Start of Information provided

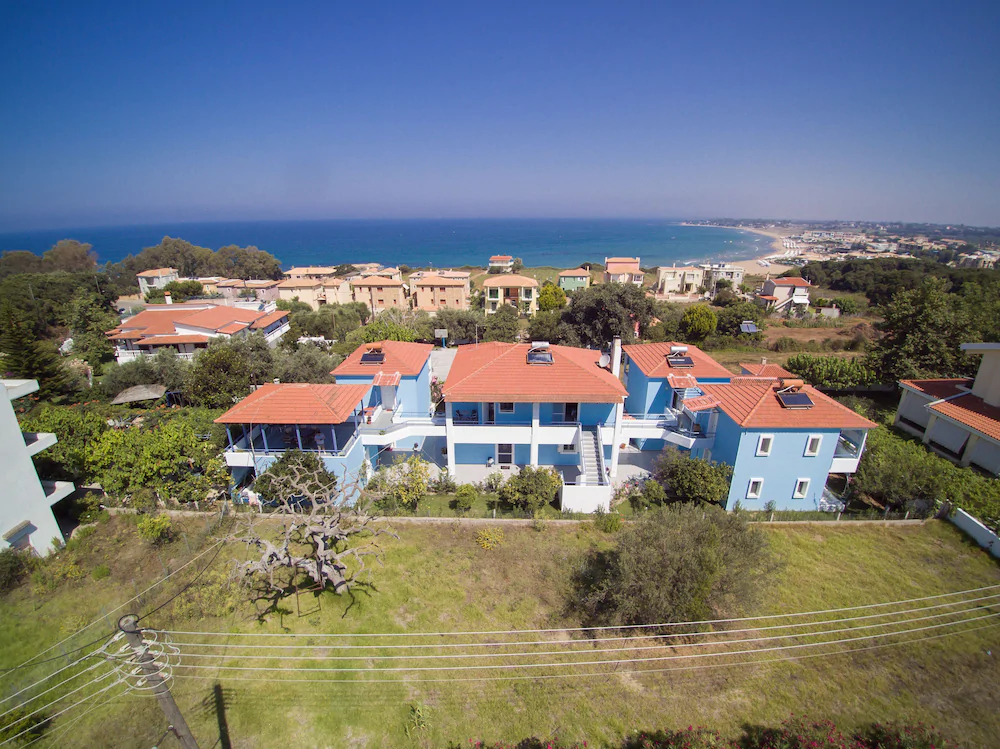 Dimitra Apartment Hotel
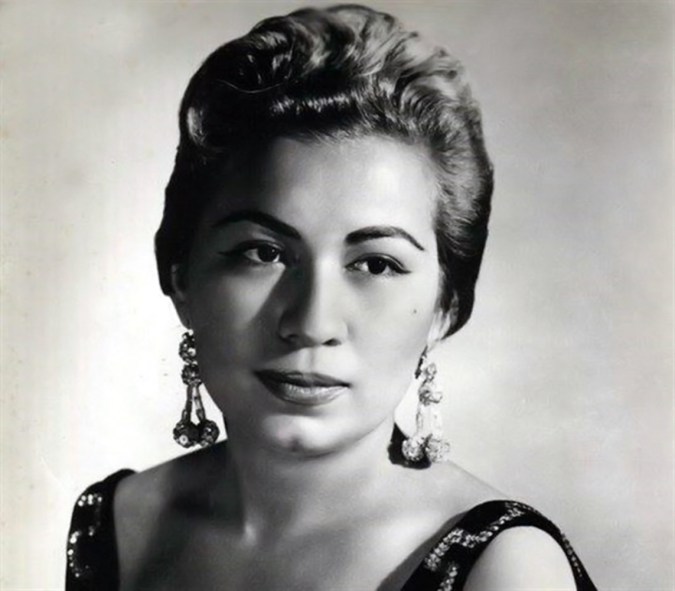 Lola Beltrán es una de las intérpretes de música ranchera y el Huapango más notables del siglo XX. María Lucila Beltrán Ruíz, mejor conocida también como "Lola La Grande" nació el 7 de marzo de 1932 en El Rosario, Sinaloa, México y falleció el 24 de Marzo de 1996. Fotos Archivo, circa 1960/México, 1960.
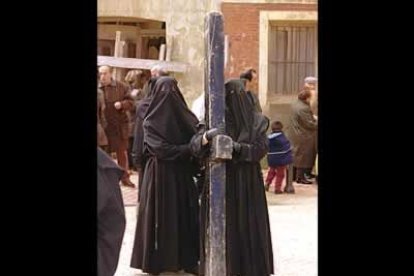 Cruz en la que horas más tarde reposará el Cristo articulado, en la  procesion de los pasos en la mañana del Viernes Santo en Sahagún.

End of Information provided

What is needed |
Transcribe all lines above exactly, skipping pictures.

Solution for this exercise |
 Dimitra Apartment Hotel
 Lola Beltrán es una de las intérpretes de música ranchera y el Huapango más notables del siglo XX. María Lucila Beltrán Ruíz, mejor conocida también como "Lola La Grande" nació el 7 de marzo de 1932 en El Rosario, Sinaloa, México y falleció el 24 de Marzo de 1996. Fotos Archivo, circa 1960/México, 1960.
 Cruz en la que horas más tarde reposará el Cristo articulado, en la  procesion de los pasos en la mañana del Viernes Santo en Sahagún.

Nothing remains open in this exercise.